You forced him into marriage because of the kid.

He didn't marry you because he really loved you enough to want you by his side forever. He was "arm-wrestled" to do it.



Quote:
Originally Posted by youre View Post
Hi all.. I'm sharing my story here as I really have no one to tell to. It's the best place where no one judges me and my relationship.

I'm married and have a very cute kid whom I adore very much. I love or loved my husband very much and really do want us to work out beautifully. I believe I'm a good woman but my husband doesn't realize that nor treasure me. I'm very hurt by all his actions and lack thereof .

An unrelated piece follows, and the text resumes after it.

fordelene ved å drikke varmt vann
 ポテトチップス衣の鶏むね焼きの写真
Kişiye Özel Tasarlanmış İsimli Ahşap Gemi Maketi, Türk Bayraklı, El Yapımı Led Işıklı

I was still studying when I got pregnant. He wanted me to abort but I said I wanted the baby even if you didn't want me. We eventually rom-ed and I completed my studies. Thereafter I stayed home to care for the baby. We weren't staying together and through the pregnancy period I was already lacking emotional affection. I didn't mind not having any fancy dinner or wedding gown or whatever but all I thought I would have would be a great hubby who treats me and baby lovingly. That was all I needed. I could be happy eating plain rice. But after giving birth, my husband didn't provide the emotional and physical support that was needed from my partner as a new father and husband. That alone saddened me deeply but my heart was not broken. It only broke into a zillion pieces when I found out he's been lying to me as well. I don't think he cheated in the sense he made love to someone else, but the betrayal felt like it. A knife stabbed in your back is still a knife stabbed in your back.

The more you love someone, the more hurt you feel when the trust is broken. I couldn't believe it. I couldn't believe this actually happened to me. He, whom I love so very much could actually bear to hurt me like this.

Any advice? I have tried to tell him and communicate with him, but everytime only gets worse. Should I just continue to be good woman and not voice out to him anymore. It seems the only way for this relationship to continue. Do men just grow up with time? Or does maturity whether natural or forced not apply to the male species.